■ WORK REQUIRED ■
Retype every line from the one containing "4 Laurette Lane, Freeport, NY" through the last line of the records below, both included; leave out the pictures.

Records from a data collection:
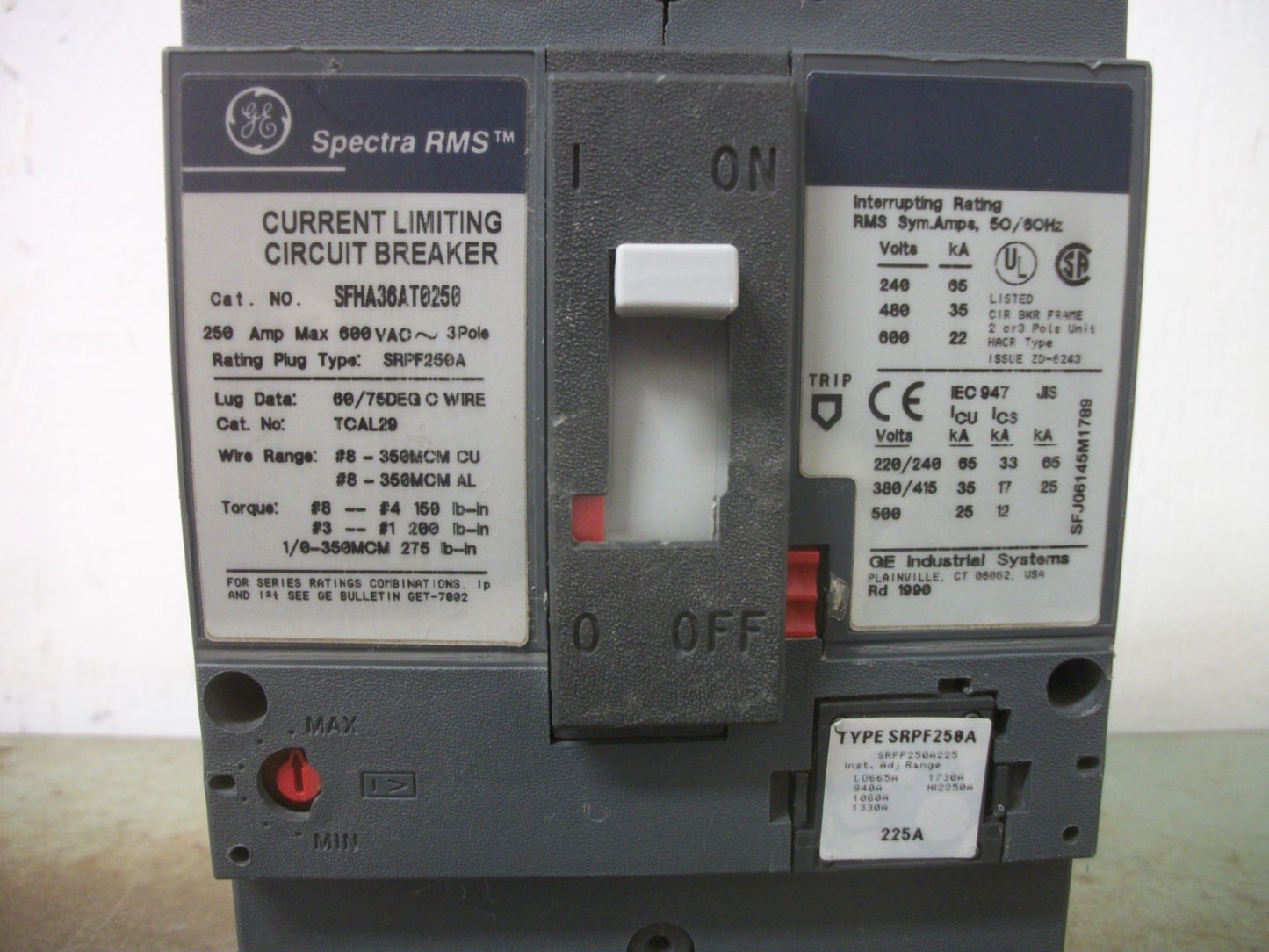 GE SPECTRA SFHA CIRCUIT BREAKER SFHA36AT0250 250AMP 600VOLT 3POLE W/225A TRIP HW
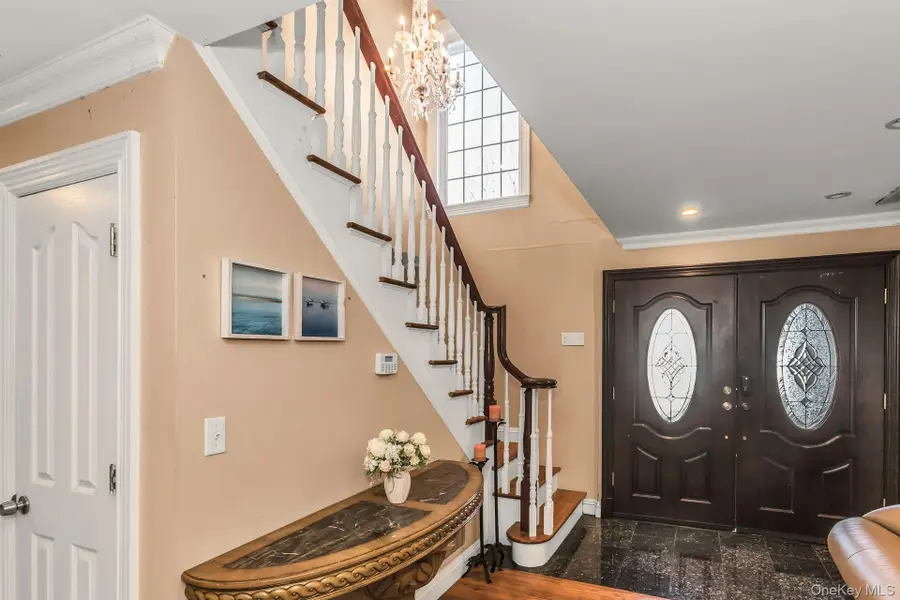 4 Laurette Lane, Freeport, NY 11520 - Image #3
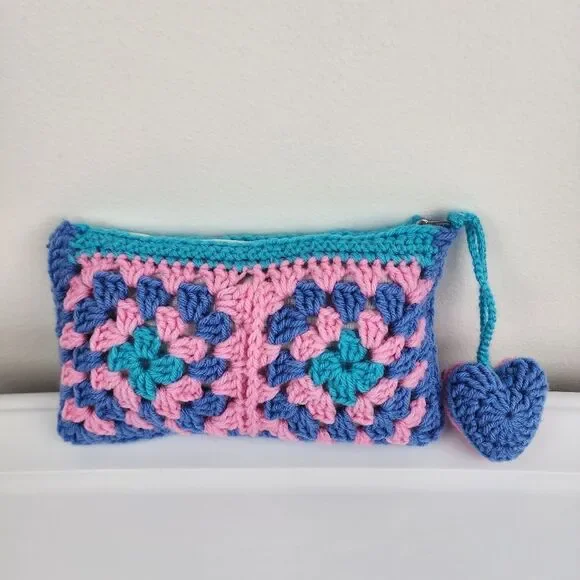 New Handcrafted Crochet Clutch Blue Pink Teal Case Granny Heart Crochet Charm - Picture 2 of 7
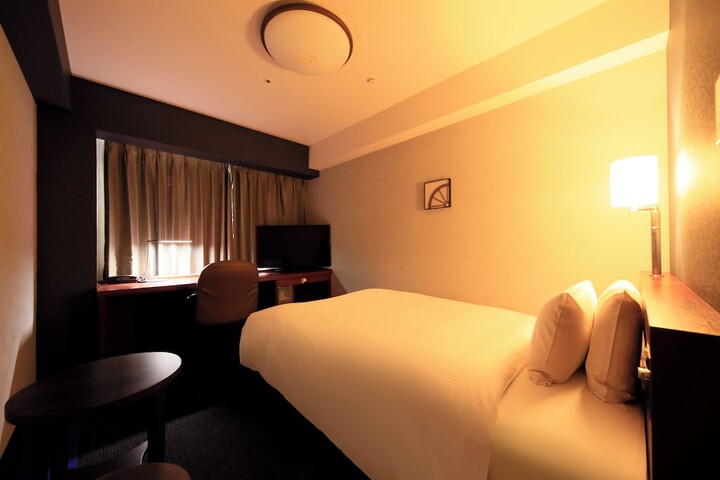 Room 27 of 43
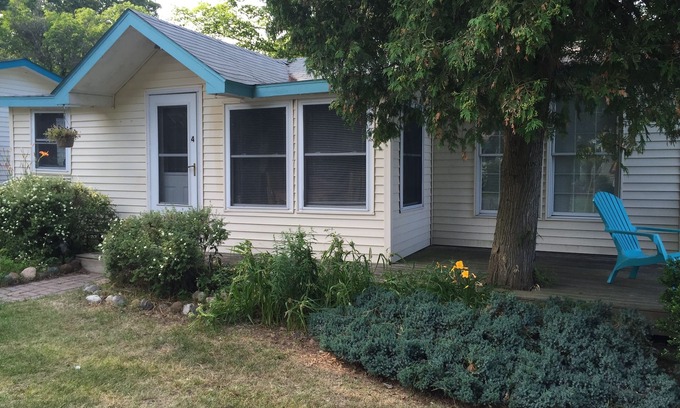 Applegate Cottage | Cozy Cottage #4 overlooking beautiful Lake Huron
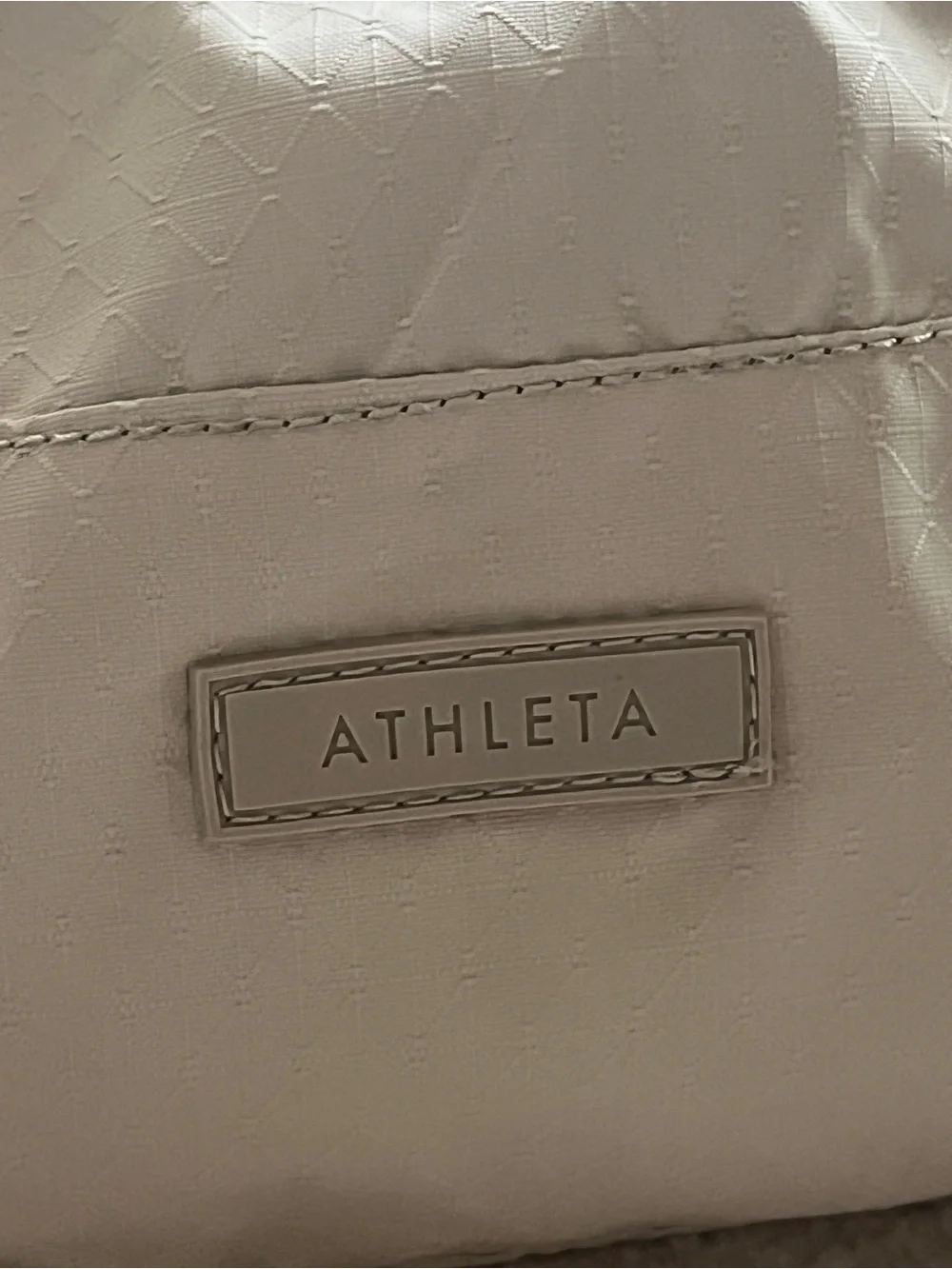 Athleta lightweight shoulder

■ RESPONSE ■
 4 Laurette Lane, Freeport, NY 11520 - Image #3
 New Handcrafted Crochet Clutch Blue Pink Teal Case Granny Heart Crochet Charm - Picture 2 of 7
 Room 27 of 43
 Applegate Cottage | Cozy Cottage #4 overlooking beautiful Lake Huron
 Athleta lightweight shoulder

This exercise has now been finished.